Françoise Hardy : La chanson engagée ne m'intéresse pas. A mes yeux, la chanson est faite pour exprimer des émotions d'ordre sentimental. Dans ces années-là, il y a eu deux albums majeurs : Melody Nelson, de Gainsbourg, en 1971, pour sa couleur musicale et l'utilisation des cordes. Et Amoureuse, de Véronique Sanson, en 1972, pour son écriture mélodique et textuelle. J'ai eu l'impression que toutes les chanteuses (moi la première) étaient larguées.
Maxime Le Forestier : A l'époque, on écoutait tous Keith Jarrett comme des malades. C'est Véronique Sanson qui a fait la jonction entre ce type d'accompagnement et la langue française. On entendait aussi des chansons politiques – dans l'après-68, tout était politique – mais pas seulement : les émissions des Carpentier étaient plutôt rassurantes... Puis la famille québécoise est arrivée, Charlebois, Diane Dufresne, Beau Dommage : ils étaient les premiers à chanter en joual, le parler québécois ; ils avaient une utilisation plus intelligente que nous des ensembles basse-batterie-guitare électrique ; une conception du show très différente, à l'américaine, d'énormes machineries avec effets spéciaux.

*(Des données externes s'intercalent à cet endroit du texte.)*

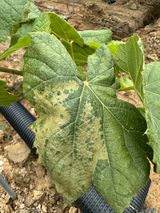 팜모닝 포도·병해충상담 게시글 이미지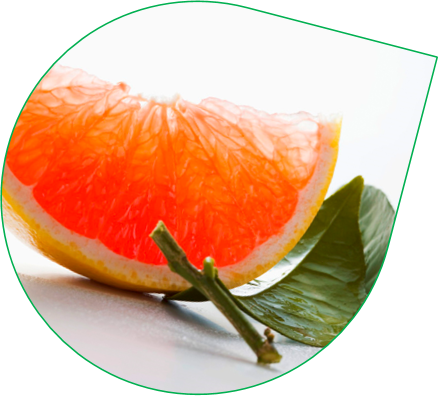 Компонент гелю Биотускин Грейпфрут Грейпфрут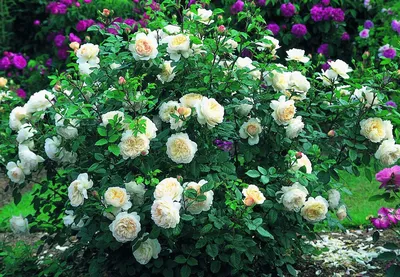 Картинка розы крокус роуз: выберите нужный размер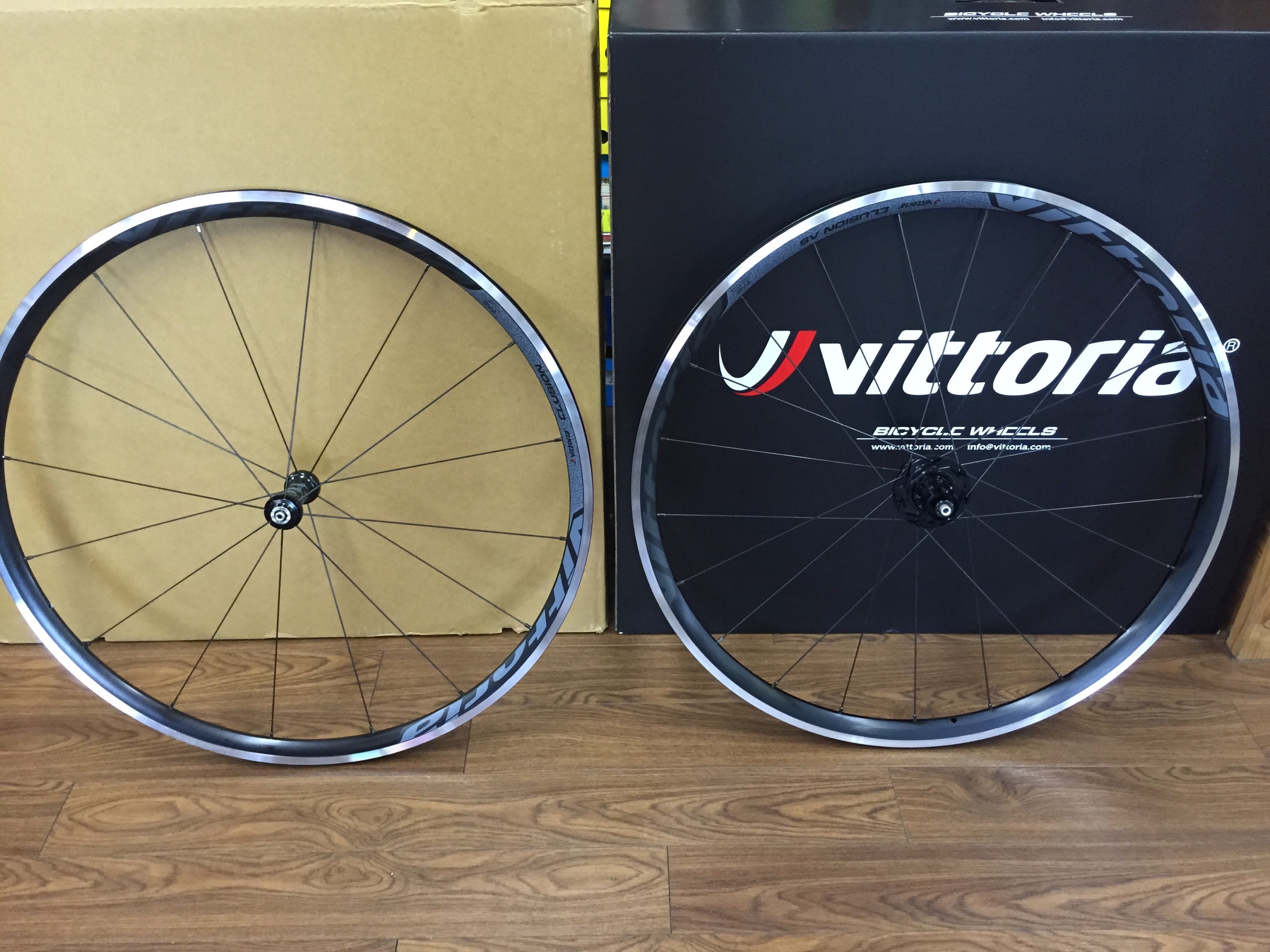 Vittoria Wheel [elusion] 新作入荷！！ - Climb cycle sports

Daniel Darc : Adolescent, j'allais en Angleterre dans une famille, et les parents me demandaient : « Alors Daniel, vous préférez Slade ou Sweet ? » J'hallucinais. En France, on avait juste Guy Lux et Ringo Willy Cat. Il a fallu attendre Higelin et BBH 75, pour que je puisse apprécier un truc en français. Pourtant, Véronique Sanson avait fait des choses excellentes sur ses premiers albums. « Pauvre maudit, ta douleur efface ta faute. » J'adore, je me sens maudit, moi aussi. Toute ma culture m'est venue par le rock. Patti Smith, notamment, qui citait les poètes et les musiciens à tout bout de champ, m'a ouvert la voie. Genet, Verlaine, tout ça...

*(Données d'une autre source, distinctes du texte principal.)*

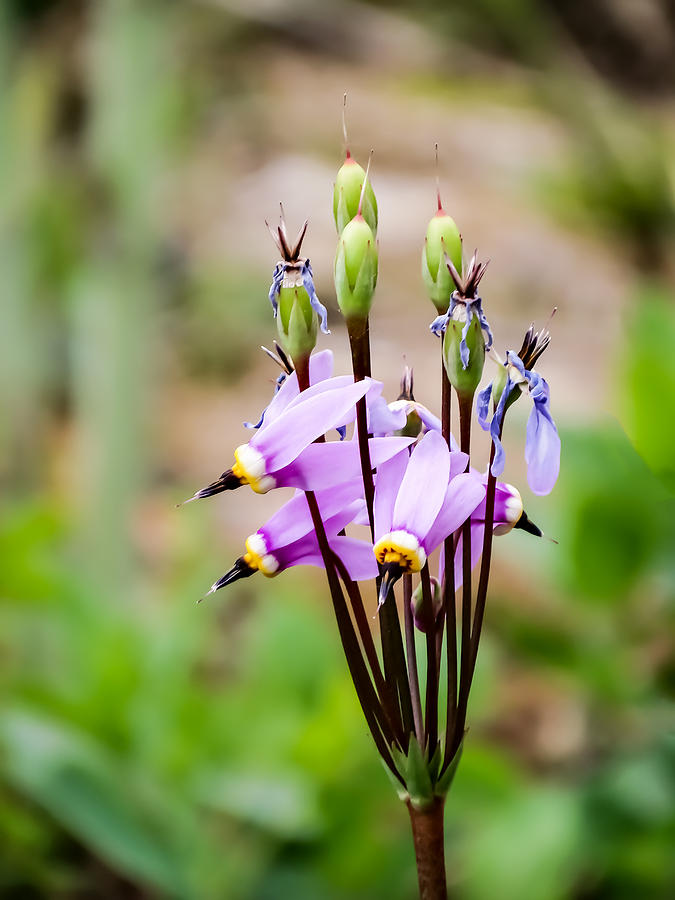 Purple Shooting Star Wildflower Photograph by Cynthia Woods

Dominique A : On baignait dans la variété. Qu'on l'aime ou pas, on n'entendait que ça. Pourtant, elle ne m'a pas trop marqué. Je revois mes parents râler devant Danièle Gilbert. Et moi d'aller dans leur sens : « Oui, c'est catastrophique. » J'ai été élevé dans la chanson française de qualité. Seule exception, mon père adorait un 45-tours de Demis Roussos, Mourir auprès de mon amour. Je sentais bien que ça ne cadrait pas avec le reste, le triumvirat sacré — Brel, Brassens, Ferré avec Ferrat en quatrième mousquetaire. J'écoutais les hits sur Europe 1, en étant hyper sélectif.
Benjamin Biolay : A la fin des années 1970 est arrivé Charlélie Couture. Naturellement à part. Il essayait des choses, il voyageait. Ses chansons avaient un début et une fin : on y voyait toute l'histoire des personnages, même la lumière. Vocalement, il était extrêmement à l'aise, avec un parti pris arty permanent. Un grand artiste. Je me disais qu'un jour je ferais son job.